What this task involves: Your copy should run exactly from the line containing "Baby squirrel pixabay" to the last line of the entries below, and it should include no pictures.

Records shown:
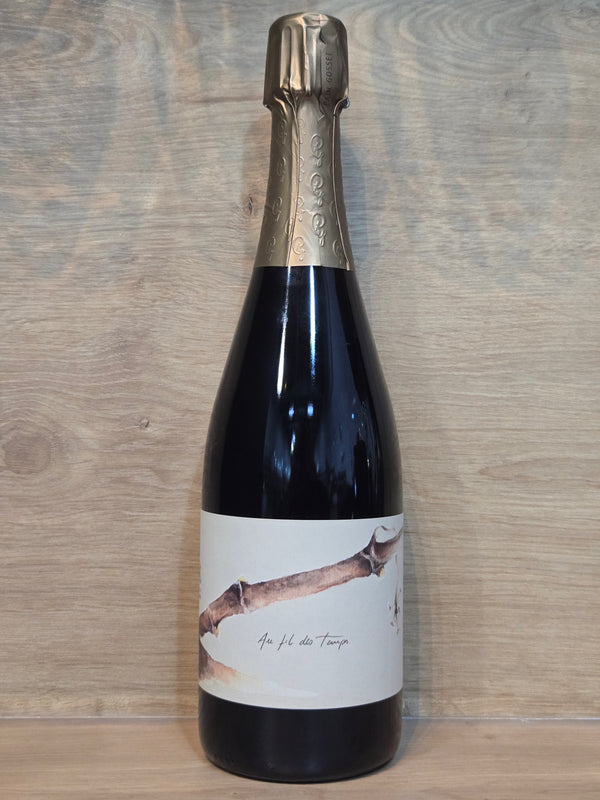 Paul Gosset - Hiver - Au Fil des Temps - CPHWINES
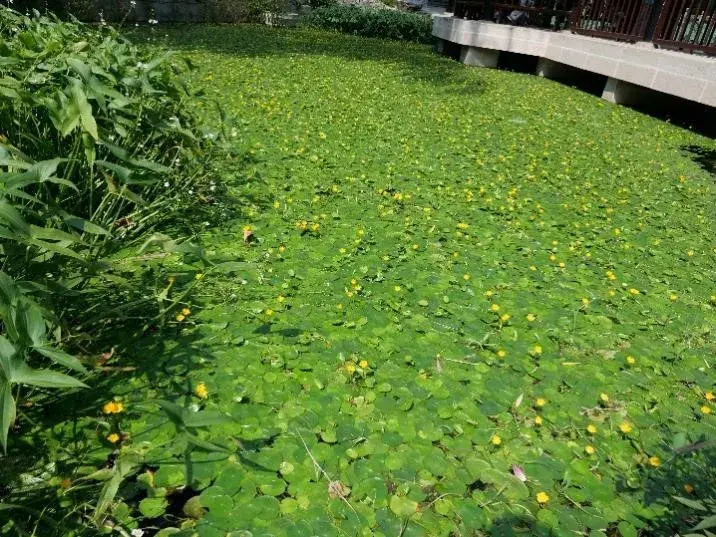 世界地球日，带你认识美丽的湿地植物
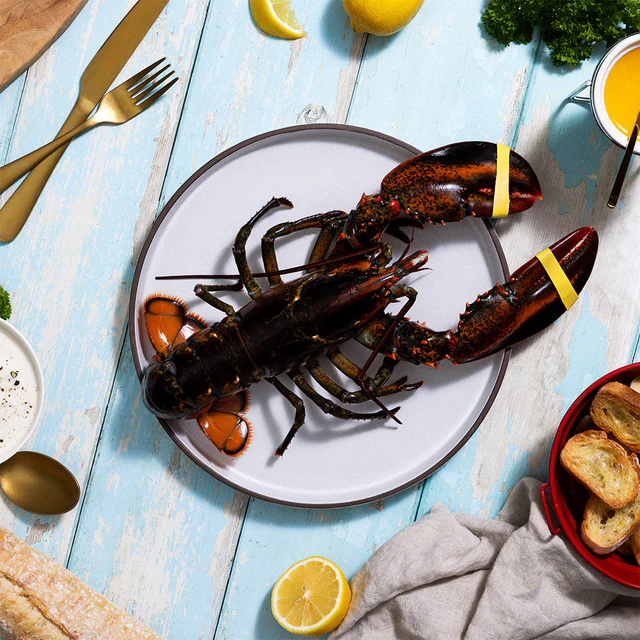 910g+ Live Maine Lobster - Image 7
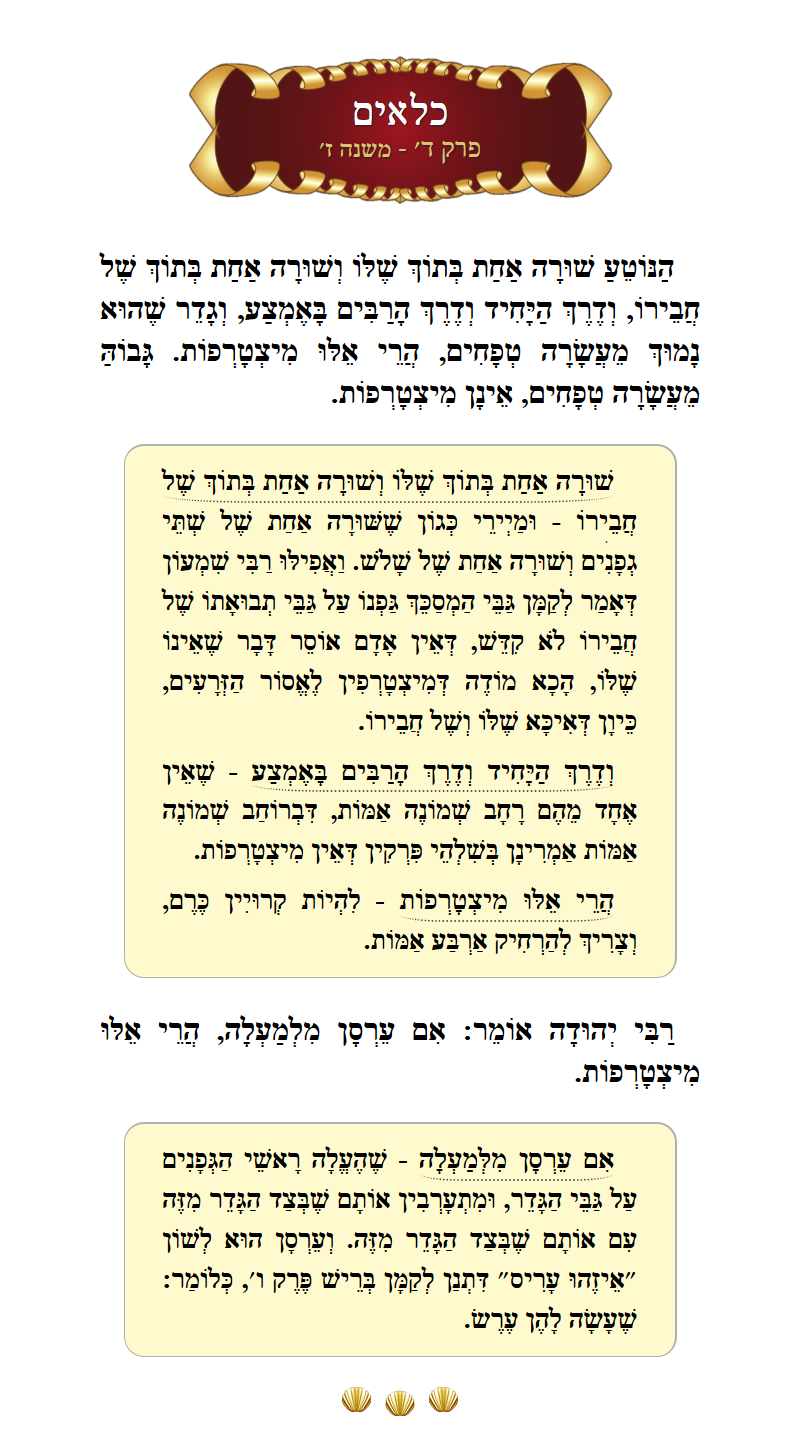 Masechta Kilayim Chapter 4 Mishnah 7 with commentary
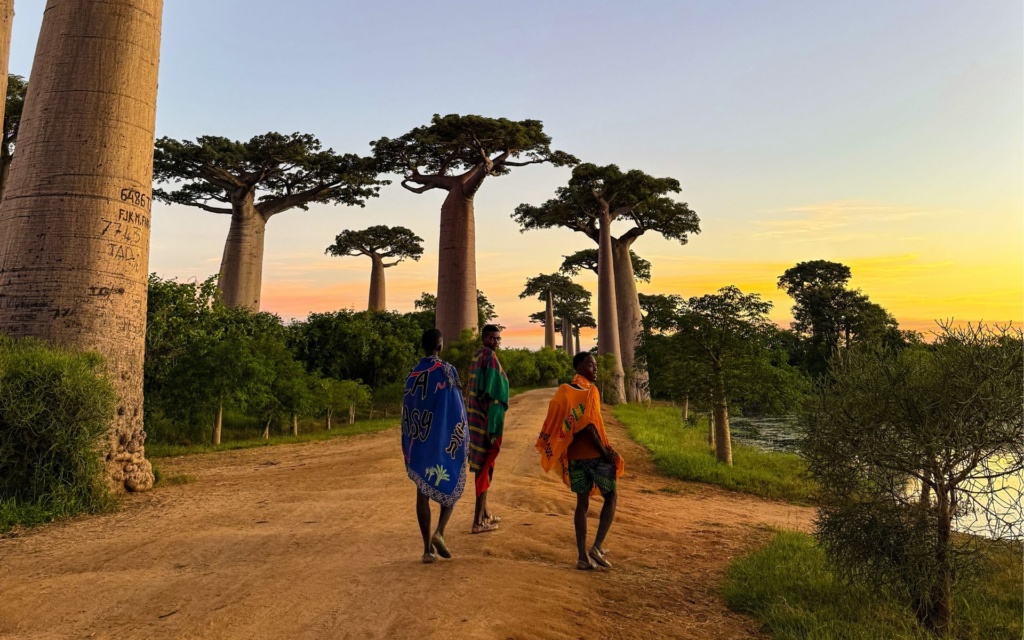 Kohalikud Baobabide alleel Morondavas Madagaskaril
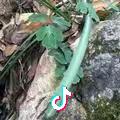 求实戒虚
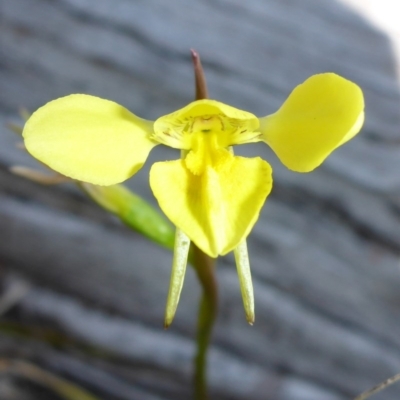 Diuris amabilis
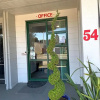 Отель Temuka Motel, фото 1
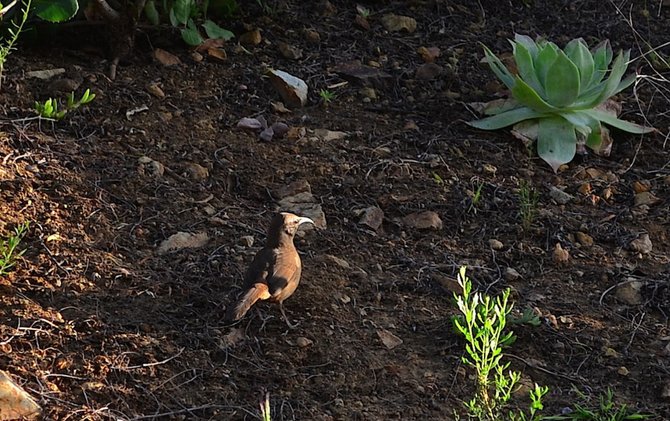 The rarely seen California Thrasher foraging for food in my backyard.  Rancho Penasquitos.  Dudleya pulverulenta in the background.  April 2014.  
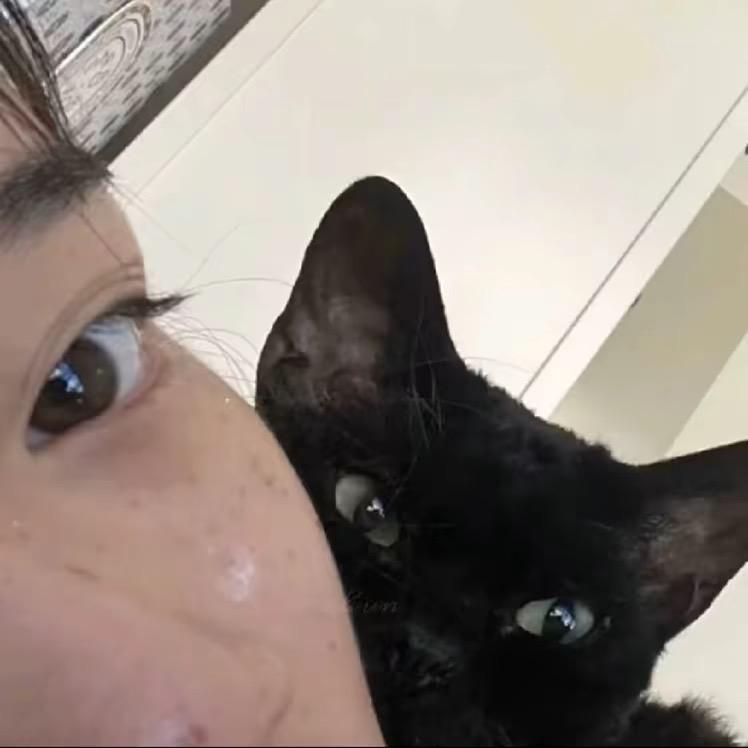 ￴ ￴ ￴ ￴ ￴ ￴ ㅤ会弹琴的猫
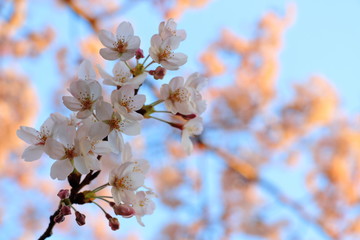 桜 SAKURA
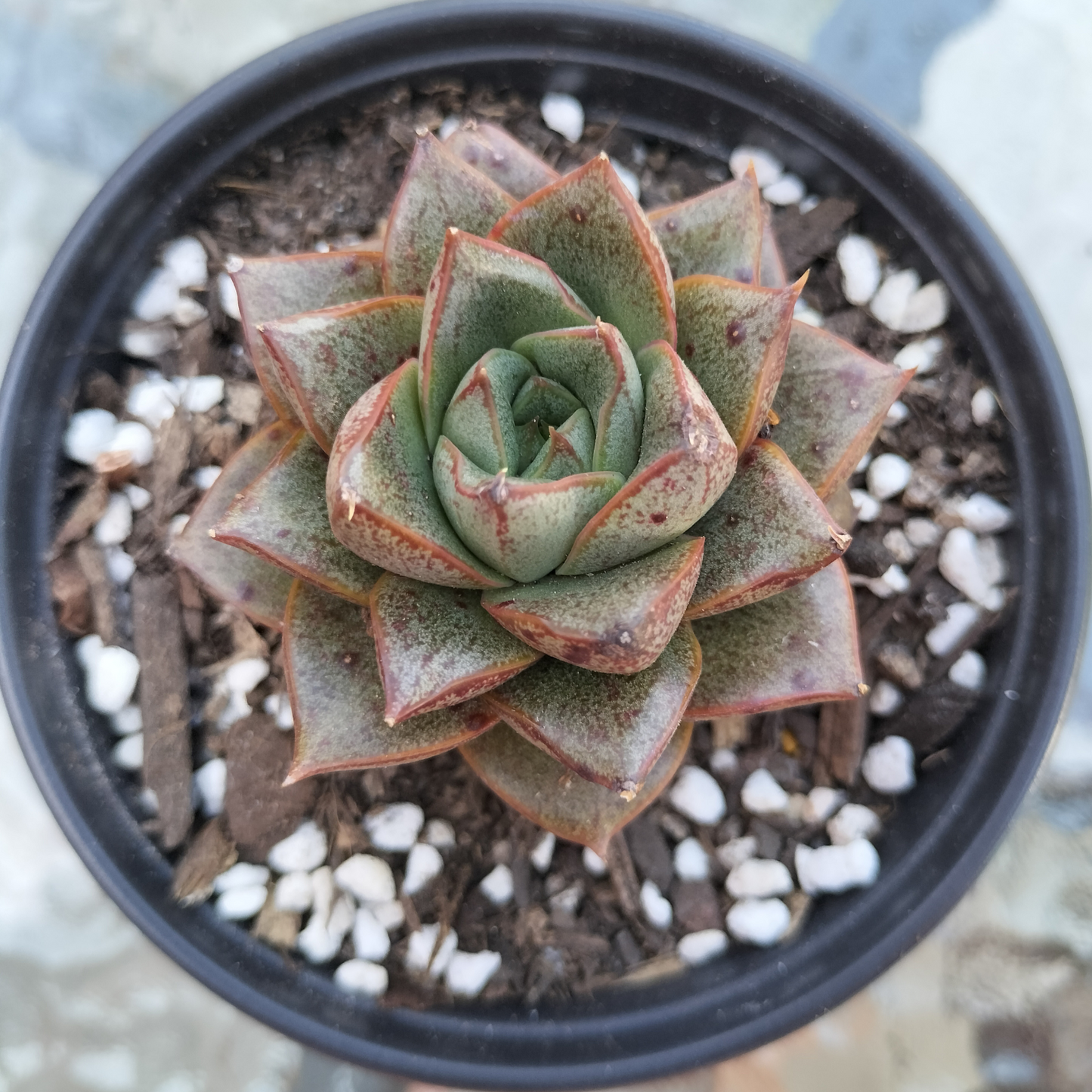 Echeveria purpusorum 'politomica'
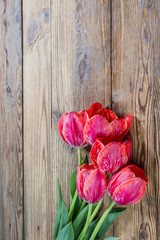 Red tulip flower on wooden table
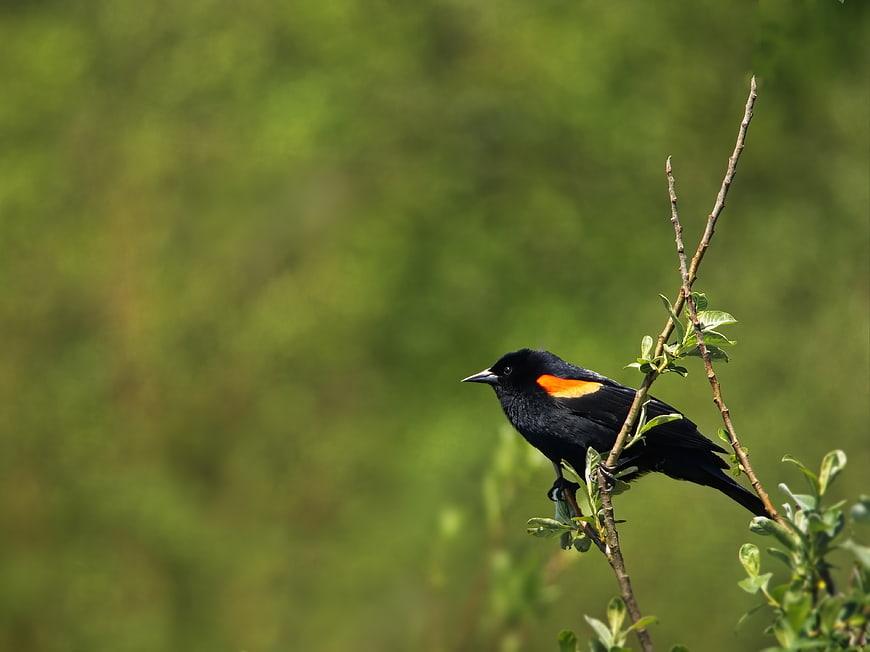 Red-winged Blackbird Perched on Branch with Green Background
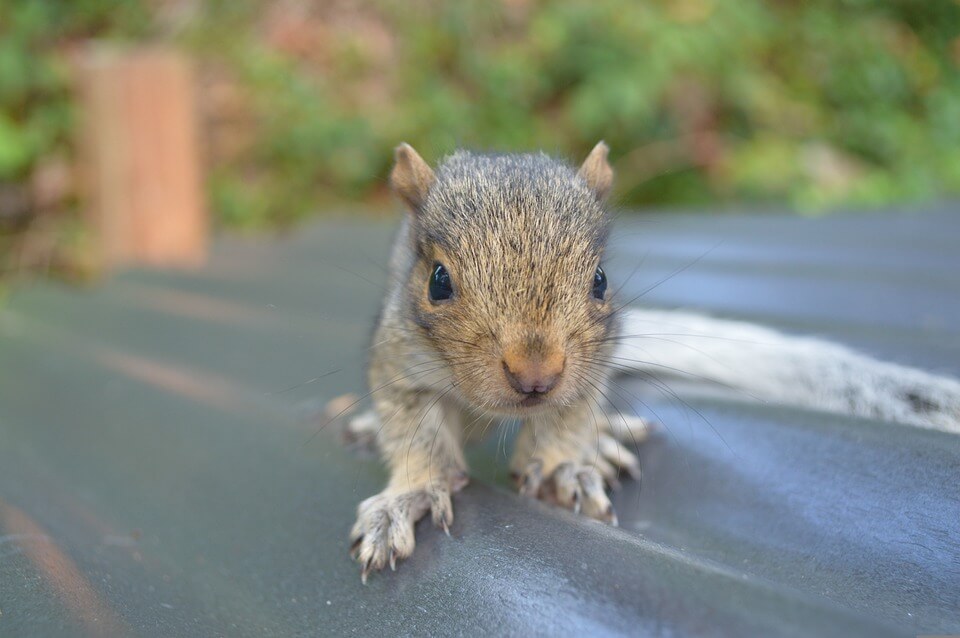 Baby squirrel pixabay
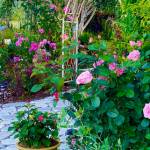 Photo courtesy of Master Gardener Foundation of Clallam County / Check out a half-dozen Sequim area home gardens, including the one pictured, at this years Petals & Pathways Home Garden Tour, set for 10 a.m.-4 p.m. on Saturday, June 24. Tickets are on sale now.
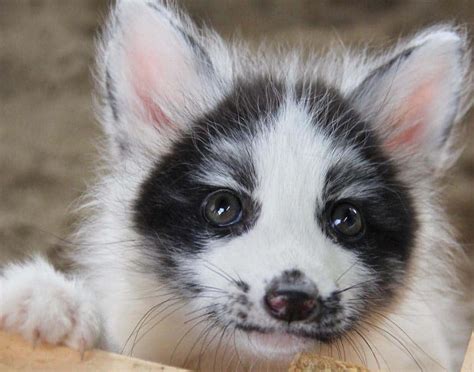 The Canadian Marble Fox Everything You Need To Know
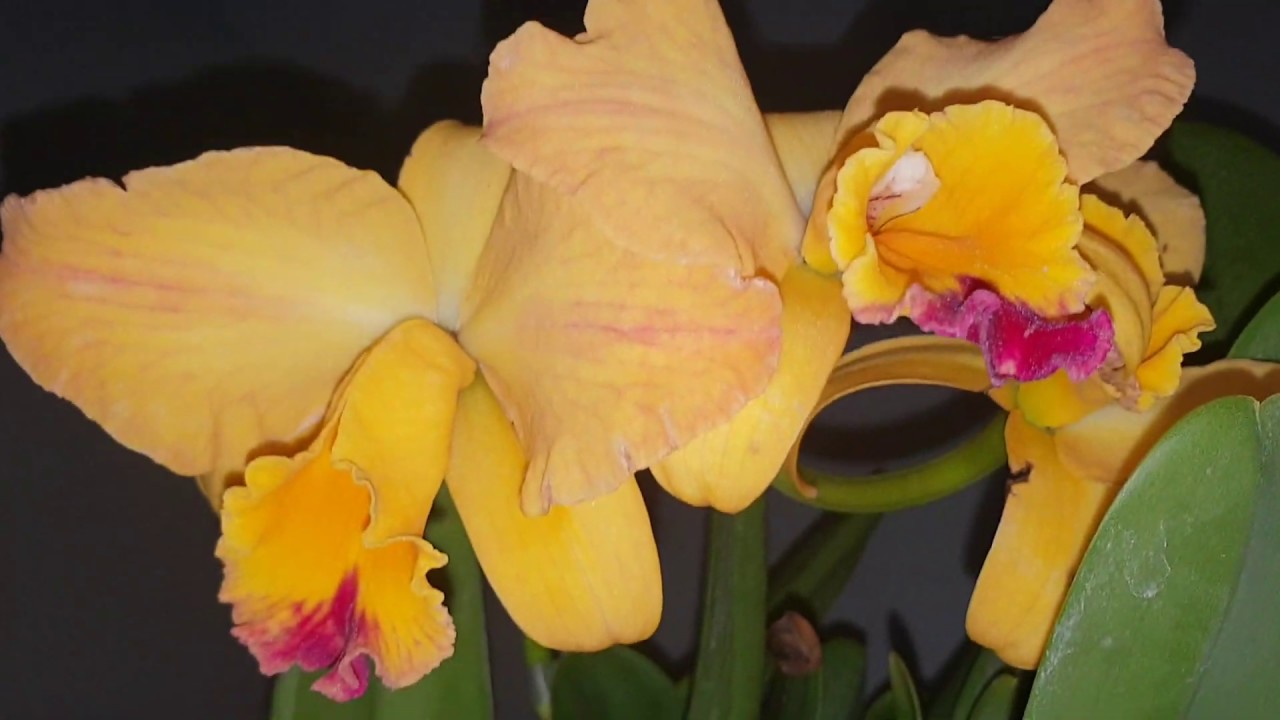 La Magia de las Orqu&iacute;deas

Written response:
 Baby squirrel pixabay
 Photo courtesy of Master Gardener Foundation of Clallam County / Check out a half-dozen Sequim area home gardens, including the one pictured, at this years Petals & Pathways Home Garden Tour, set for 10 a.m.-4 p.m. on Saturday, June 24. Tickets are on sale now.
 The Canadian Marble Fox Everything You Need To Know
 La Magia de las Orqu&iacute;deas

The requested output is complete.